What you will do:
Would you give back exactly the lines from the line with "2 pièces avec balcon proche RER - photo 3" through the end of the entries below, both included, but none of the pictures?

(Pictures with short captions)
=== Section Start ===

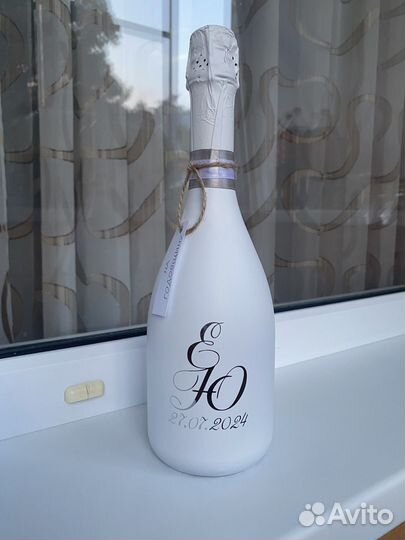 Оформление свадебных бутылок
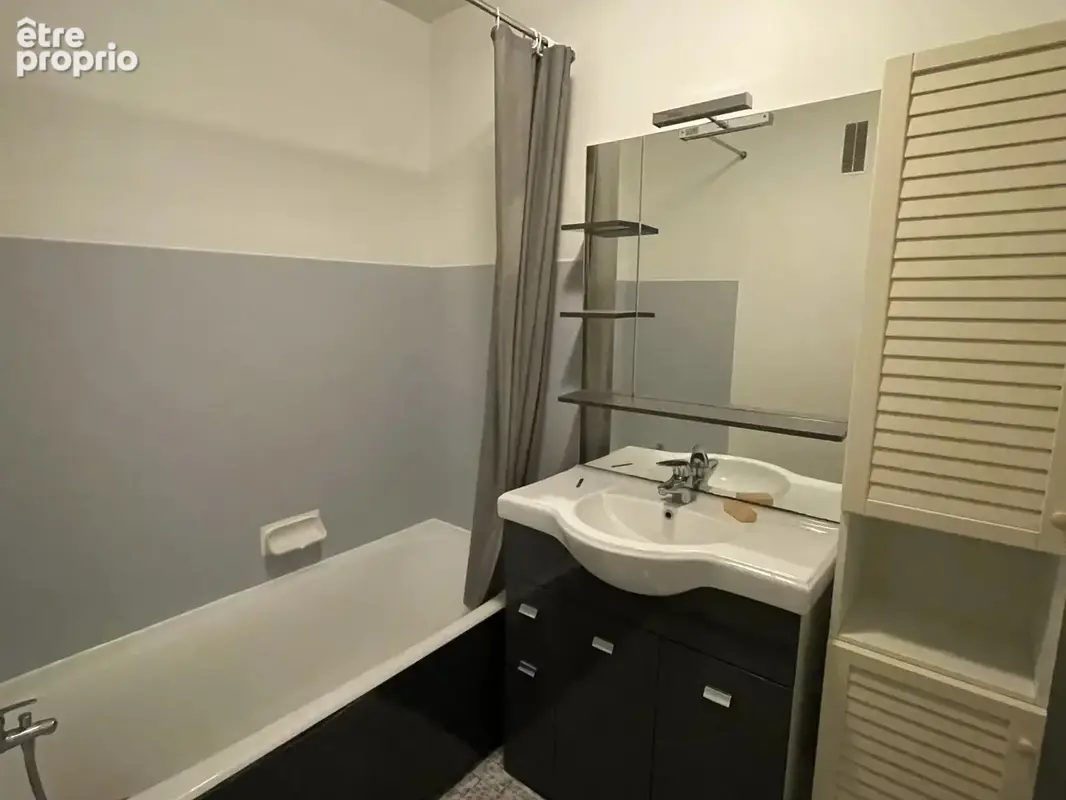 2 pièces avec balcon proche RER - photo 3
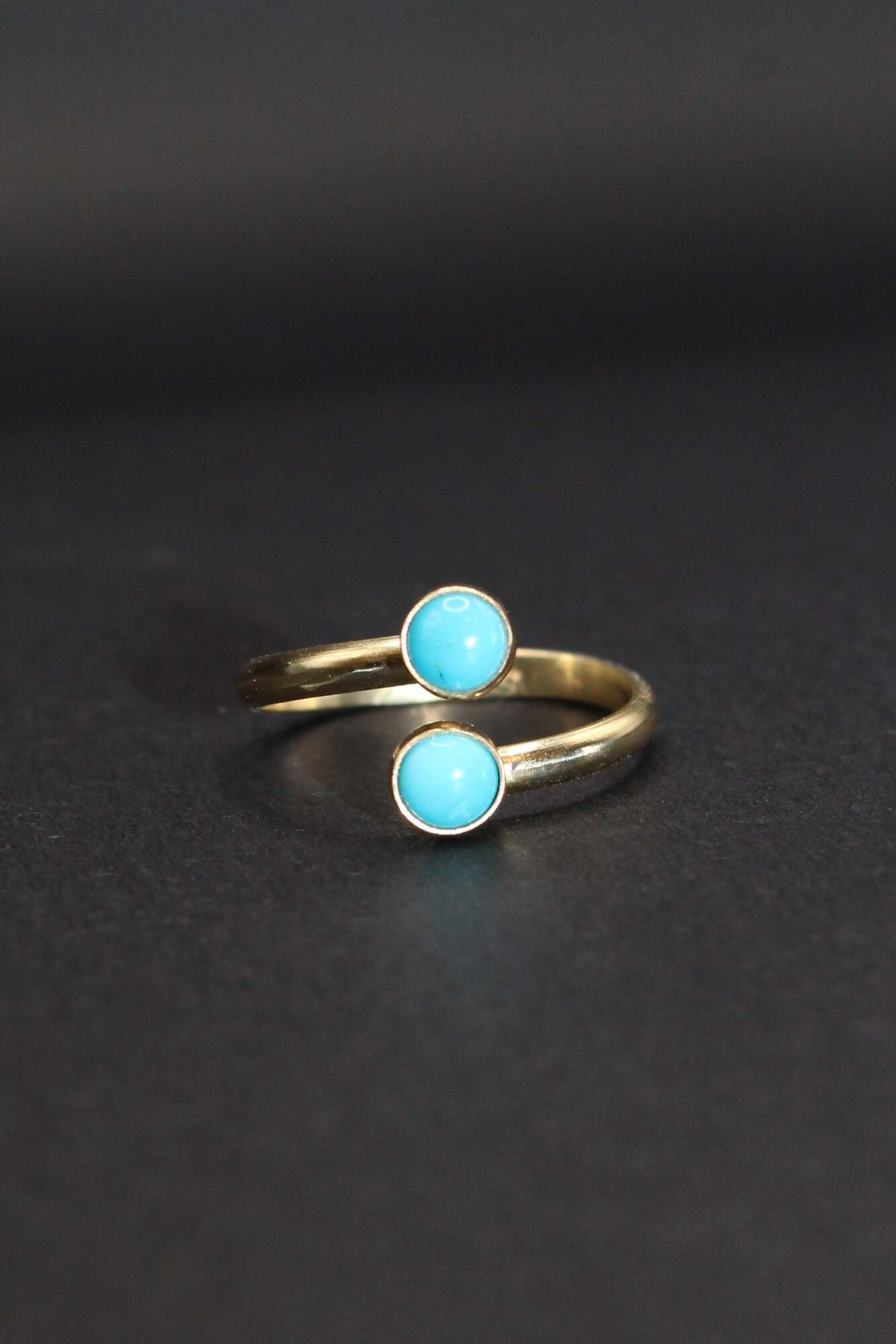 14K Yellow Gold Two Stones & A Twist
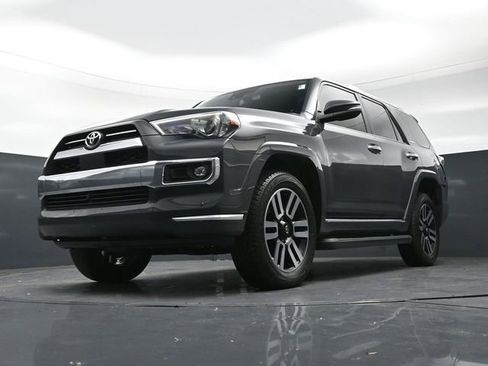 Used 2024 Toyota 4Runner Limited image 33
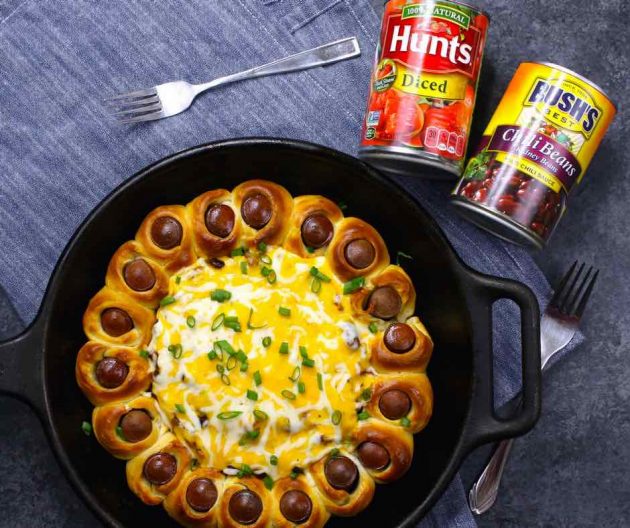 Chili Party Ring - this photo shows this appetizer after being baked in a skillet #AD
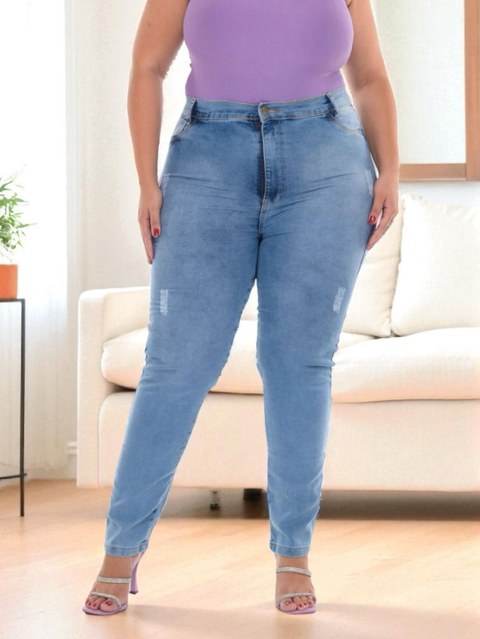 Calca jeans plus feminina com lycra clara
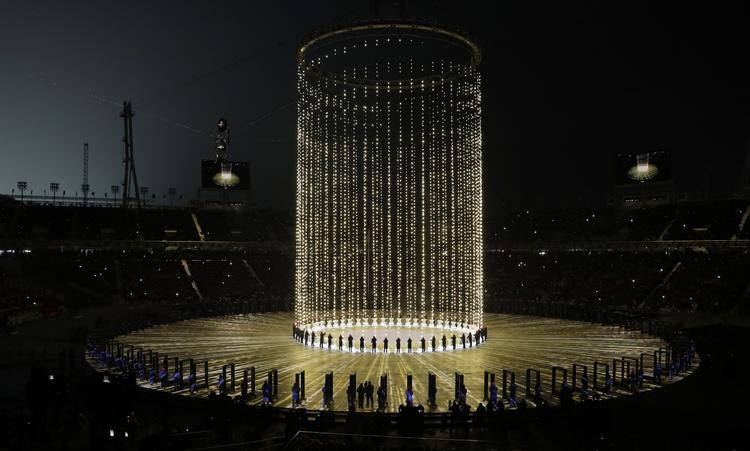 Det var en optræden præget af stort anlagte dansescener og lysshows.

=== Section End ===

Output of the task:
 2 pièces avec balcon proche RER - photo 3
 14K Yellow Gold Two Stones & A Twist
 Used 2024 Toyota 4Runner Limited image 33
 Chili Party Ring - this photo shows this appetizer after being baked in a skillet #AD
 Calca jeans plus feminina com lycra clara
 Det var en optræden præget af stort anlagte dansescener og lysshows.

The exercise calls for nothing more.